The Silent Dental Disease

WHAT DO MOST PEOPLE THINK OF when going to the dentist in terms of problems with their teeth? Number one I would say, is tooth decay.

Coming in at a close second is periodontal or “gum” disease issues. People have become more educated about the link to gum disease and overall health and as a result more are now aware of the dangers of periodontal disease and the threat it poses. This was not always the case as there was a time not that long ago when it was common that not every dentist would even check the health of your gums! Thankfully those days are (mostly) gone.

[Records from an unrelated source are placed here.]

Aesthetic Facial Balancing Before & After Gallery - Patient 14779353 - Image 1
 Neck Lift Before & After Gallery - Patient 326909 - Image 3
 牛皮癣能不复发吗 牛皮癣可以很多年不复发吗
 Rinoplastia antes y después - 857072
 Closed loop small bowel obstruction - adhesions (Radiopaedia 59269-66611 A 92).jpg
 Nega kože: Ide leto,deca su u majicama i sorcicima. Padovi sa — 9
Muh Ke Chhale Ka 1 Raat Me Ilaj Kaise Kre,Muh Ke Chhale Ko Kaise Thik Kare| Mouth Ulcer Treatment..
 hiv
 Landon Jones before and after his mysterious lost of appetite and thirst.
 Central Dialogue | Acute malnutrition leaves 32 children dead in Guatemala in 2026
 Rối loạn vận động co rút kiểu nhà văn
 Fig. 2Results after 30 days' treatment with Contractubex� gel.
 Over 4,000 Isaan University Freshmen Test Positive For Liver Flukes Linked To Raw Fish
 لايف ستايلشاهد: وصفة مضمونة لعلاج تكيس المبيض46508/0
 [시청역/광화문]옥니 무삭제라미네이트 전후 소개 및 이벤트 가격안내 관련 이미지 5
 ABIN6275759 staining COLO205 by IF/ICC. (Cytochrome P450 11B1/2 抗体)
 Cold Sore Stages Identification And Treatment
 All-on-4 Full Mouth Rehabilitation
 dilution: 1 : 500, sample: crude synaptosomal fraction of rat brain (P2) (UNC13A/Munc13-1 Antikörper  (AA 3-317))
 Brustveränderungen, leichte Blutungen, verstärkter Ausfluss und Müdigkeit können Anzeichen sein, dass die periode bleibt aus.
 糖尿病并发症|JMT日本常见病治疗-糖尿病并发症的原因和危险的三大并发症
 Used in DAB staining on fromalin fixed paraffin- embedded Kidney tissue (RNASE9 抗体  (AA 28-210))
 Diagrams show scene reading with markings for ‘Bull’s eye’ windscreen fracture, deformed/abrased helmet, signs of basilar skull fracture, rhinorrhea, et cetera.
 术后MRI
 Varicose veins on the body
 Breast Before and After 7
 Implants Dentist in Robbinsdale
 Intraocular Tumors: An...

But did you know there is a third dental disease that is the silent killer to the health of your teeth every bit as much as cavities and gum disease and can contribute to those diseases by making them even worse? I am talking about “Occlusal Disease.” “Huh,” you say? In layman’s terms Occlusal Disease refers to how our teeth fit together and how they work (or don’t work) with our jaw joints and the muscles we chew with–in short how our teeth fit together. Did you know that there is a precise way our teeth should fit together? The problem with Occlusal Disease is that unlike tooth decay and gum disease it is very insidious in nature, often taking more time (even years) to do it’s damage and very rarely acutely painful. It can cause tooth damage and loss every bit as much as tooth decay and gum disease. How our teeth fit together and how they are aligned are vitally important to their health and is more than just having a pretty smile. It’s about long term stability too.

Here Are Some Examples

Let’s look at some simple examples to illustrate occlusal disease and the problems of misaligned and missing teeth. I have two fence posts solidly embedded in the ground. Each hour I come out with a hammer and hit the posts. One post I hit squarely on the top of the post while the other I hit from an angle from the side, which post will get loose first?

Or I make bricks that I hit each day with a 100 lb. force. One group consists of a single brick I hit with the force while the other group consists of three bricks that collectively absorb the force. Which will last longer? Which will show signs of cracking first?

Or consider that I make two sets of gear wheels that fit together. If one set fits together perfectly while the other is slightly offset, which gears will wear out first? What if I also force one set of gears together harder?

Be Aware Of Signs And Symptoms

What are some of the signs and symptoms of Occusal disease (bite issues) that can lead to problems and tooth loss? They include:

  • Minor chipping of teeth-particularly the front teeth
  • Teeth that look “flat” or worn or teeth that have wear facets
  • Recession of the gums and notches that form on the side of teeth
  • Loose teeth or teeth that seem to have shifted position over time
  • Popping or clicking in the jaw joint
  • Pain or discomfort on biting on certain teeth
  • Sensitive teeth
  • Teeth or fillings that constantly break
  • Teeth that were removed because they broke (not accident related)
  • Headaches

Most of these signs people are not aware of until they become symptoms. Below are some examples of what can happen to occluded teeth over time.

             

Early Intervention Is Key

I see so many people in the prime of their life–in their 40’s, 50’s, 60’s, and 70’s–that still lead productive lives who lose teeth and start to have major dental problems because none of these issues were addressed in earlier years. It’s often an unpleasant surprise. People don’t suddenly wake up one day and have these issues… they are the culmination of years of being ignored. In the past dentists meaning well would often say, “You brush too hard,” when asked about some of these concerns and I often still hear patients tell me that. How does one brush a tooth too hard while the teeth on either side are perfectly intact?

Properly aligned teeth are way more than just being about cosmetics and having a pretty smile!